- _Exercise objective_
Omit every picture, then give all the entries again exactly.

Records from a dataset
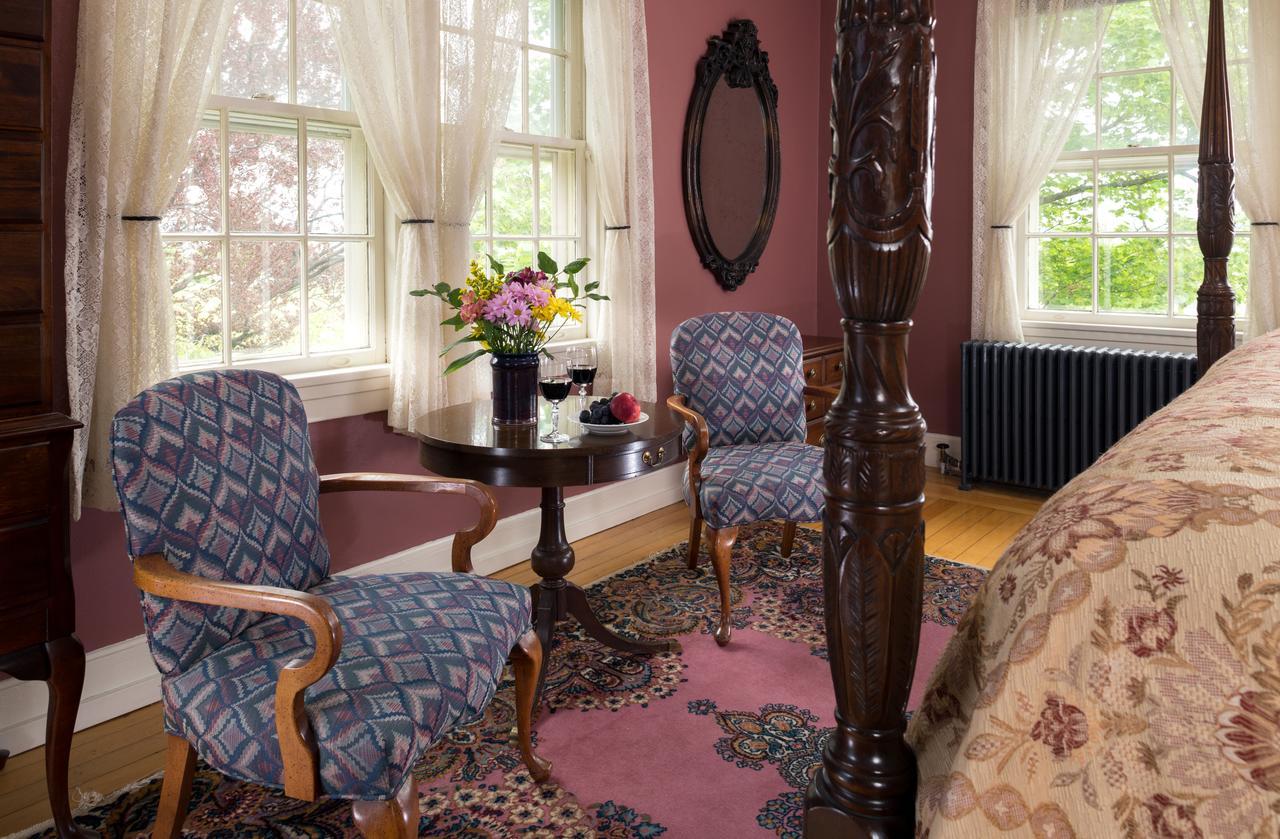 Yale Manor B&B & Yurt Glamping Eksteriør billede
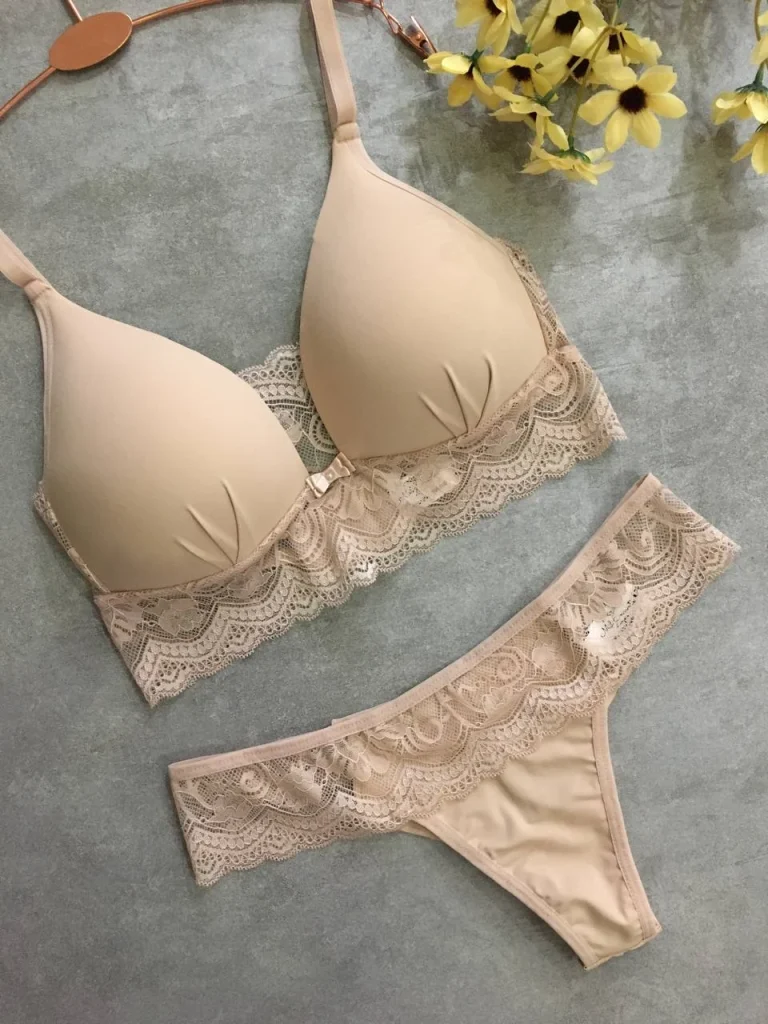 Triangle-cup Lingerie Set · view 3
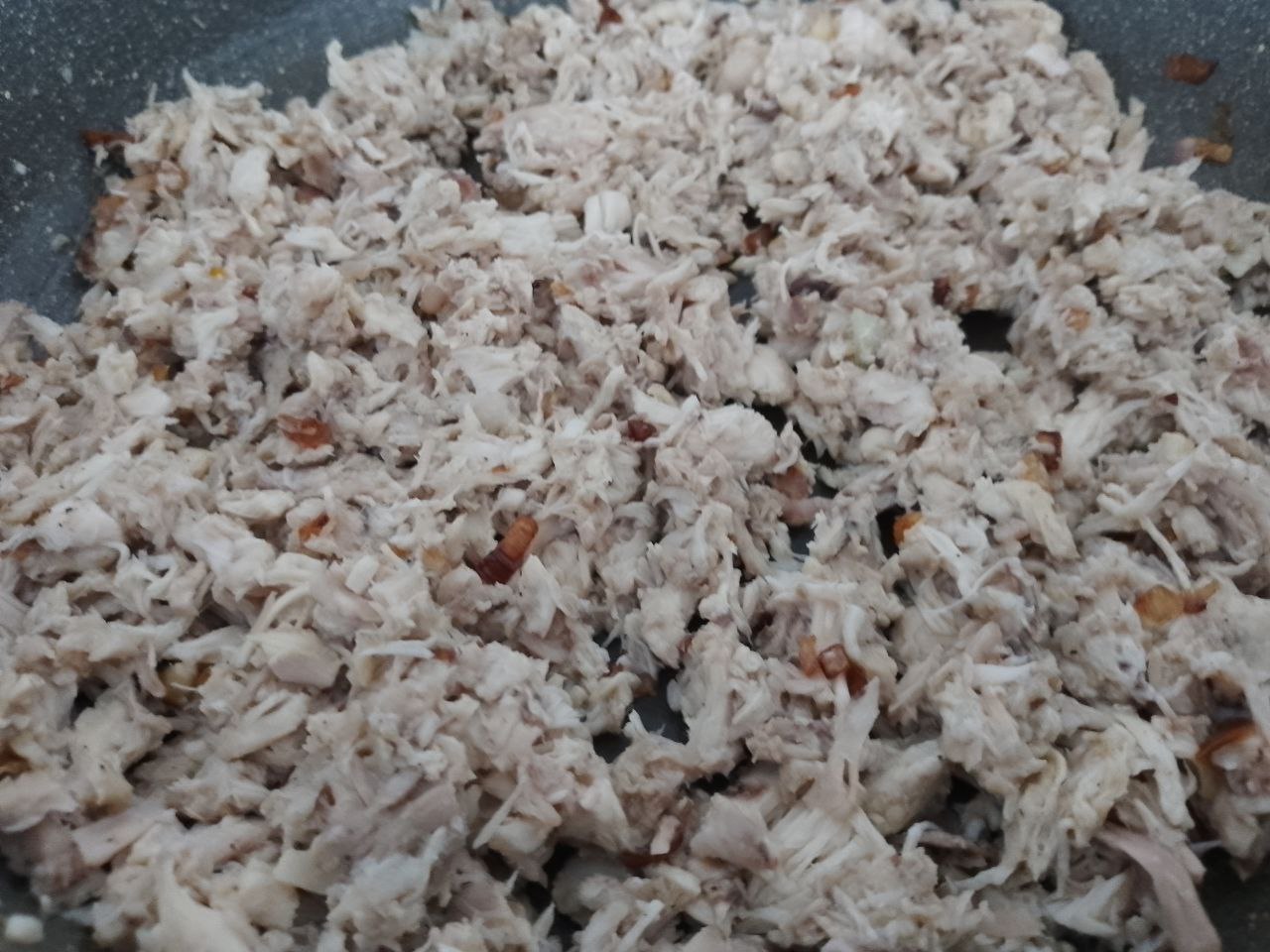 Вареники с куриным мясом и жареным луком: Обжариваем на растительном масле лук до золотистого цвета, добавляем измельченное мясо и обжариваем несколько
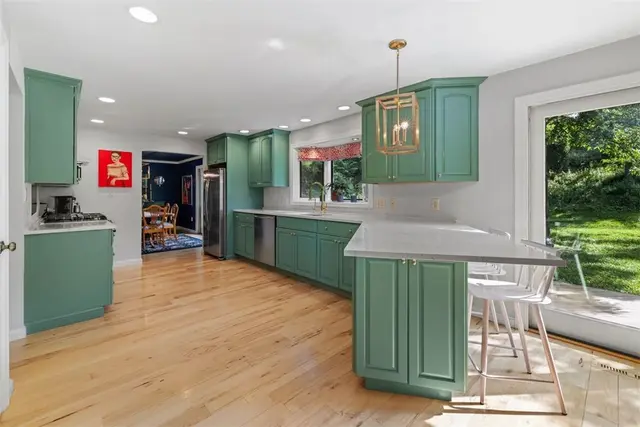 32 Canter Drive gallery image 31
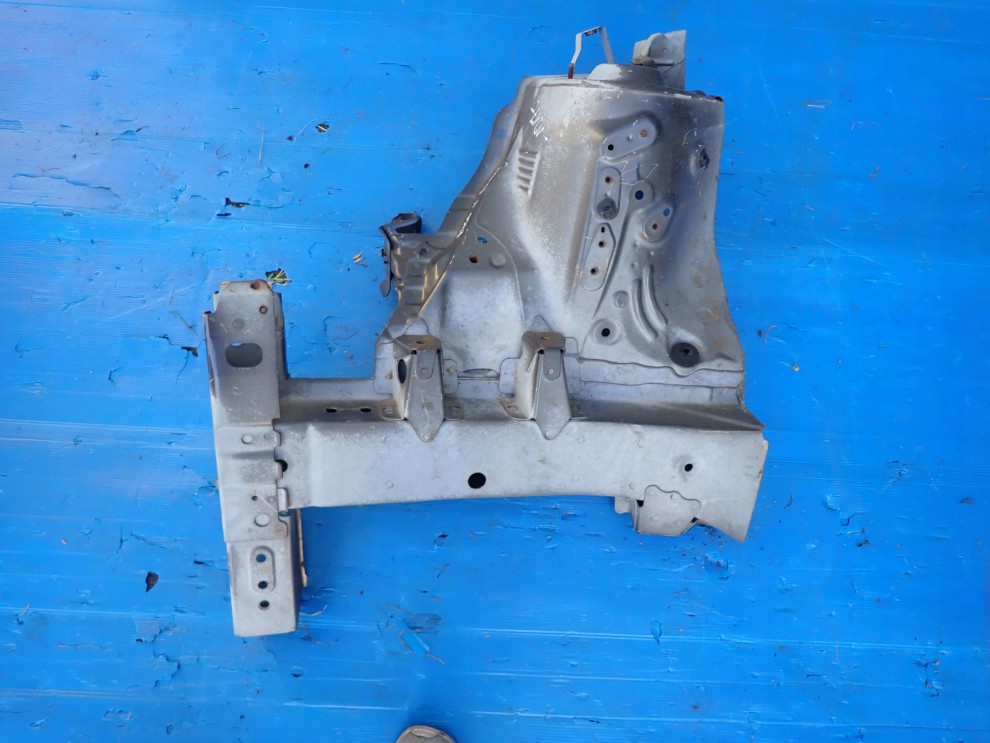 TOYOTA AYGO 05-12 PODŁUŻNICA PRZEDNIA PRAWA 1/4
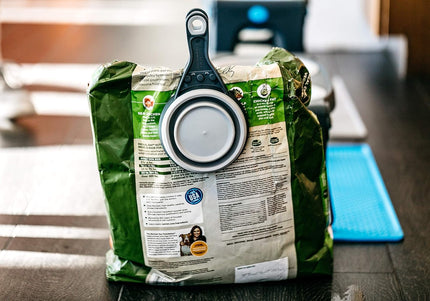 Dexas Collapsible KlipScoop 3in1 Large 473ml – Foldable Food Scoop with Bag Clip, Purple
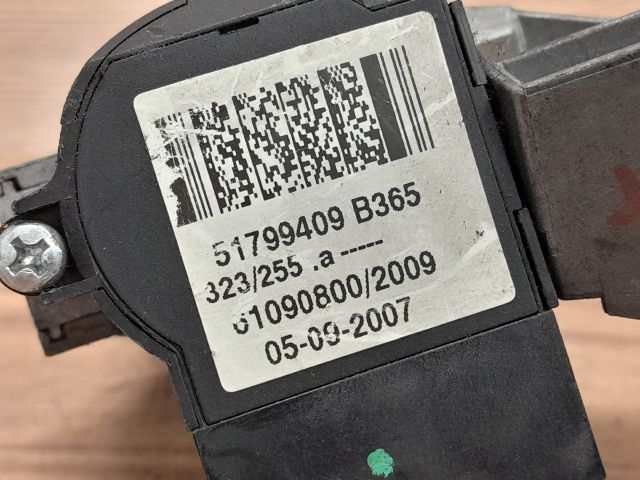 bontott FIAT LINEA Gyújtáskapcsoló Házzal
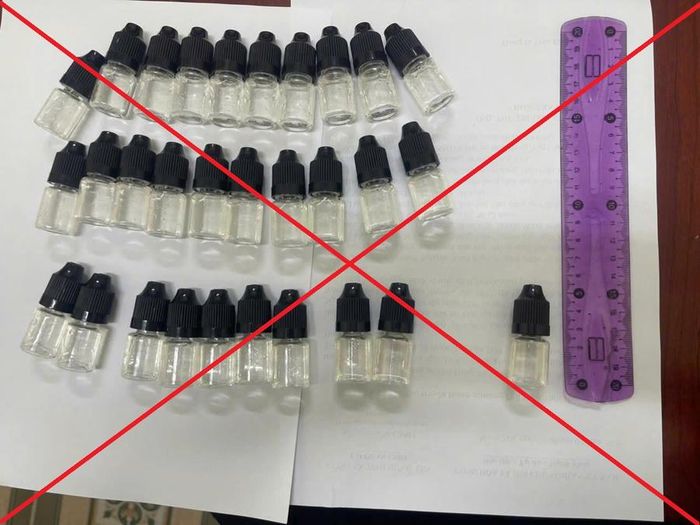 30 lọ nhựa chứa tinh dầu CBD do Công an phường Phố Hiến thu giữ của Vũ Duy Linh. (Ảnh Công an tỉnh Hưng Yên)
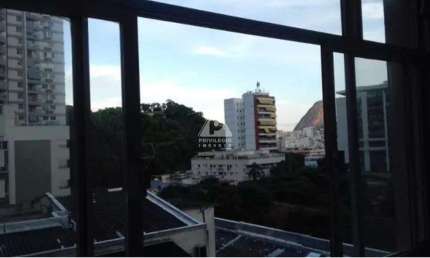 Apartamento de dois quartos em Laranjeiras disponível para venda na Privilégio Imóveis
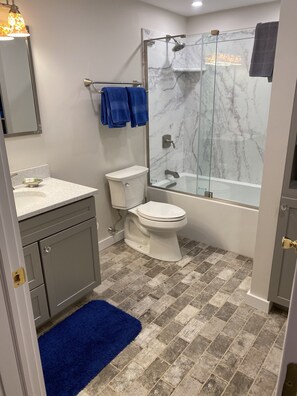 Ensemble douche/baignoire, sèche-cheveux, serviettes fournies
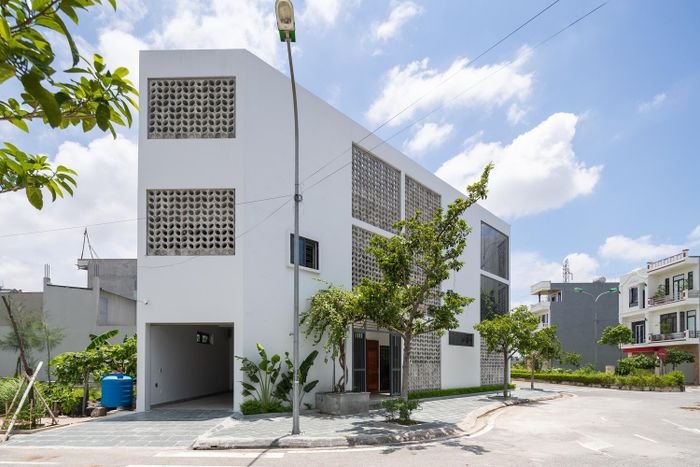 Dùng gạch bê tông chắn nắng, nhà Thái Bình đẹp mê mẩn - Hình 1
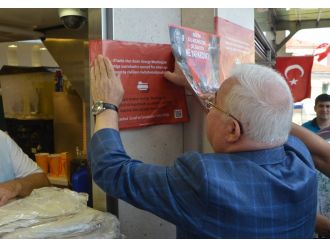 Taksim’in he tarafına bu afişlerden asıldı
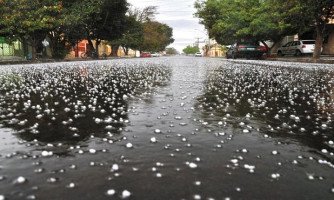 Araputanga e outra 65 cidades de Mato Grosso têm alerta para granizo
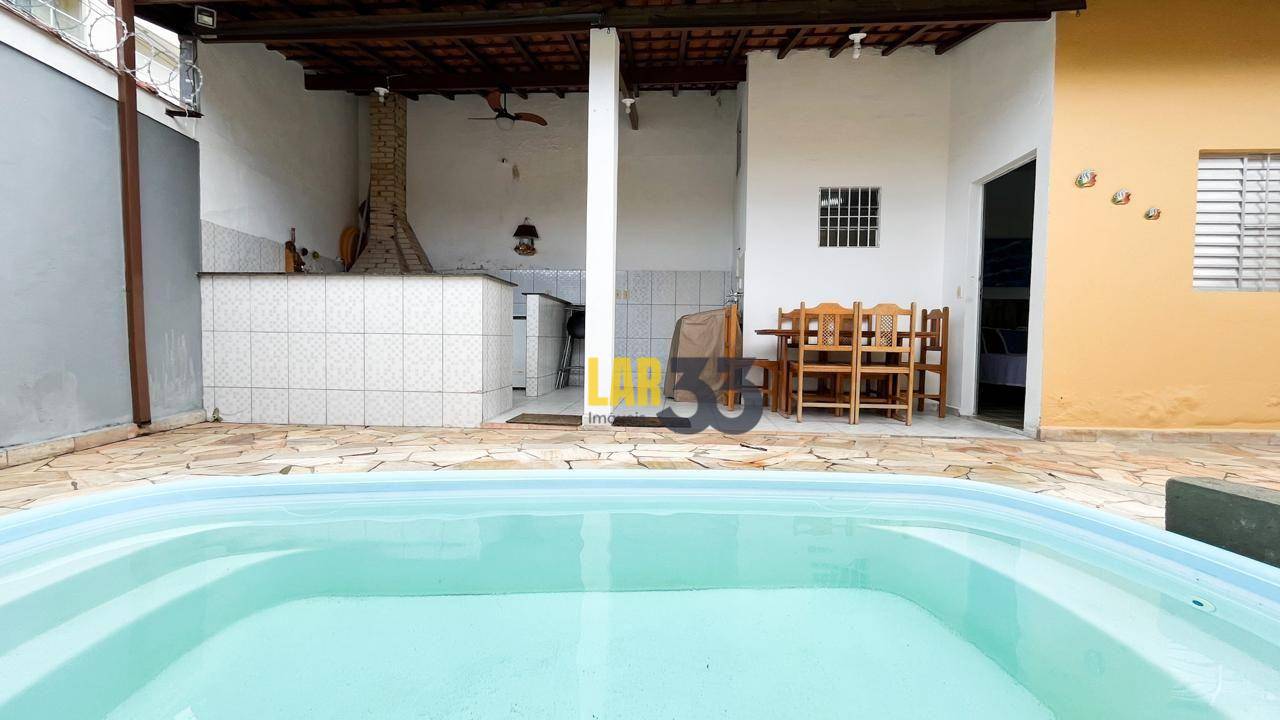 Casa à venda com 4 quartos, 138m² - Foto 4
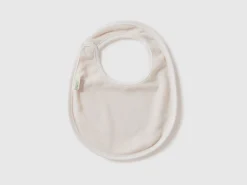 Bib with print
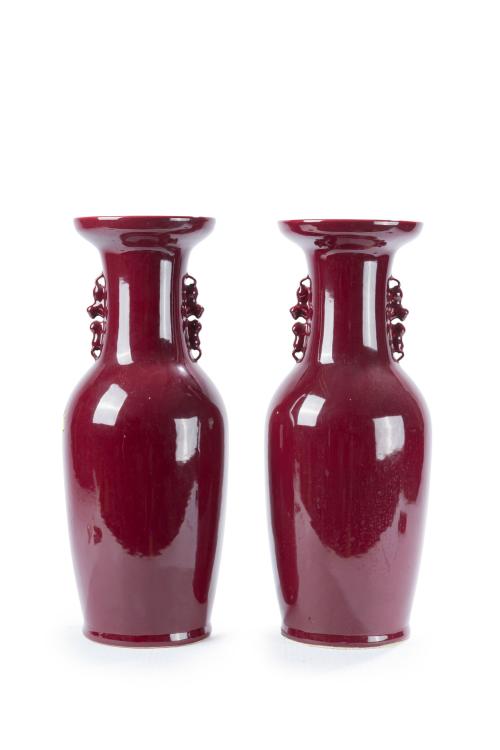  Pareja de jarrones en porcelana china, Dinasia Qing, ffs. 
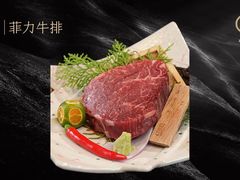 -山川小町·极番烧肉(新地假日广场店)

- _Response to this task_
 Yale Manor B&B & Yurt Glamping Eksteriør billede
 Triangle-cup Lingerie Set · view 3
 Вареники с куриным мясом и жареным луком: Обжариваем на растительном масле лук до золотистого цвета, добавляем измельченное мясо и обжариваем несколько
 32 Canter Drive gallery image 31
 TOYOTA AYGO 05-12 PODŁUŻNICA PRZEDNIA PRAWA 1/4
 Dexas Collapsible KlipScoop 3in1 Large 473ml – Foldable Food Scoop with Bag Clip, Purple
 bontott FIAT LINEA Gyújtáskapcsoló Házzal
 30 lọ nhựa chứa tinh dầu CBD do Công an phường Phố Hiến thu giữ của Vũ Duy Linh. (Ảnh Công an tỉnh Hưng Yên)
 Apartamento de dois quartos em Laranjeiras disponível para venda na Privilégio Imóveis
 Ensemble douche/baignoire, sèche-cheveux, serviettes fournies
 Dùng gạch bê tông chắn nắng, nhà Thái Bình đẹp mê mẩn - Hình 1
 Taksim’in he tarafına bu afişlerden asıldı
 Araputanga e outra 65 cidades de Mato Grosso têm alerta para granizo
 Casa à venda com 4 quartos, 138m² - Foto 4
 Bib with print
  Pareja de jarrones en porcelana china, Dinasia Qing, ffs. 
 -山川小町·极番烧肉(新地假日广场店)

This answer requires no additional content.